That's just the problem, there isn't a "general consensus" on minimum wage among economists. There is a broad and varied body of research with a variety of contradictory conclusions. A brief overview of the state of the literature is handily summed up here: https://www.reddit.com/r/Economics/wiki/faq_minwage#wiki_emp...

The tl;dr from that section is nicely concise:

> The most comprehensive summary that can be made about the minimum wage literature is that while the evidence is sometimes contradictory, small minimum wage increases seem to either have no employment effects or at least quite small employment effects in the short run. Estimates of long-run impacts, or the impact of large minimum wage increases are presently unknown.

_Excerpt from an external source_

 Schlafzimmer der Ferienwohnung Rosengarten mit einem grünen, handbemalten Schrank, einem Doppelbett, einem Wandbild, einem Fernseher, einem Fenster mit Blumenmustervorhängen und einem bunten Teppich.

Seattle is notable because it was (I believe) the largest MW increase in US history. The research has broadly agreed that with large changes, we don't have evidence predicting what'll happen, which is why this study is of such critical political importance to both sides - if it shows that the MW is a net gain, then the MW proponents get to say "see? no large changes, $15 MW nationwide now!". If it shows a net loss, the MW opponents get to say "see? You can't go past the inflection point without moving backwards, put the brakes on this push".

Card/Kreuger was notable because it was the first robust result that contradicted the consensus at the time. The paper contributed substantially to our understanding of labor economics, and it would have been a major mistake to discount it because it conflicted with the widely-held beliefs at the time. To dismiss the UW study because it contradicts some contemporary research would be just as much a mistake.

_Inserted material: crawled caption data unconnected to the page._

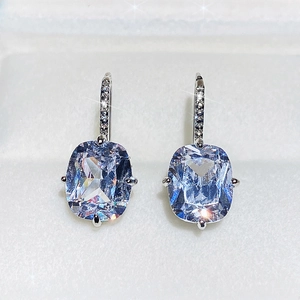 Detail of light blue cushion-cut gemstone earrings in a velvet jewelry box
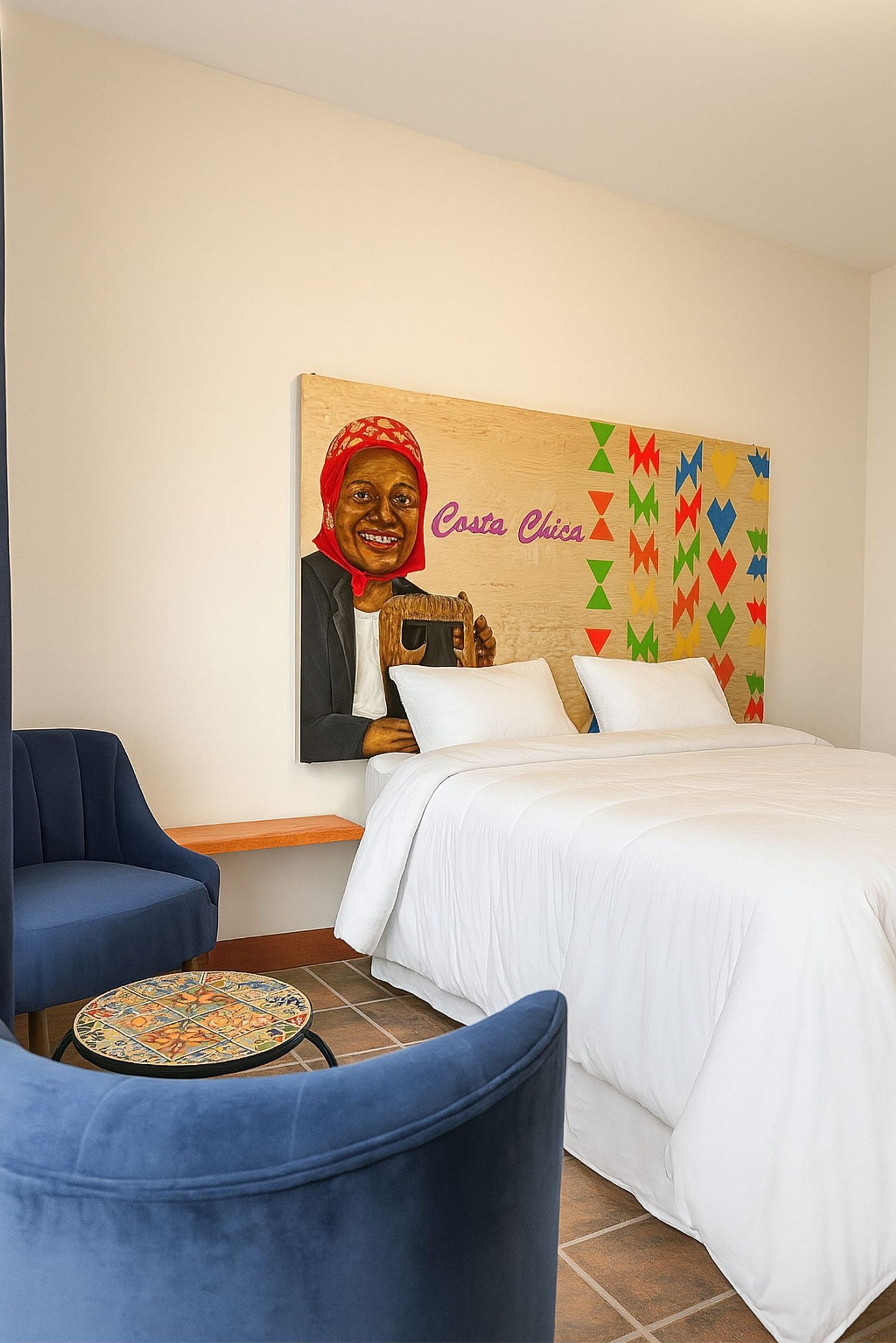 Une chambre d’hôtel avec un lit, deux fauteuils bleus, une petite table ronde et un élément de décoration murale aux couleurs vives.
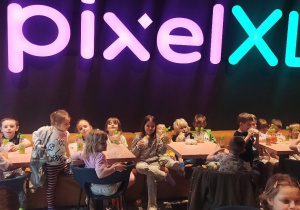 dzieci siedzą przy stolikach, na stolikach widać butelki z sokiem i drugie śniadanie. Nad dziećmi jest neonowy napis PIXEL XL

The problem with older studies (such as Card-Kreuger) is that technology has advanced to the point where it is possible to replace at least some minimum wage workers, either through outright automation or increased productivity of other workers. Smart business owners will calculate the costs of replacing an employee with technology, and recalculate them whenever the variables change significantly (such as when the minimum wage is increased). If the numbers check out, minimum wage workers can and will lose their jobs.

So, minimum wage increases, worker's comp changes, tax increases, etc. today may indeed spur job losses where that may not have been true before. We are in a brave new world.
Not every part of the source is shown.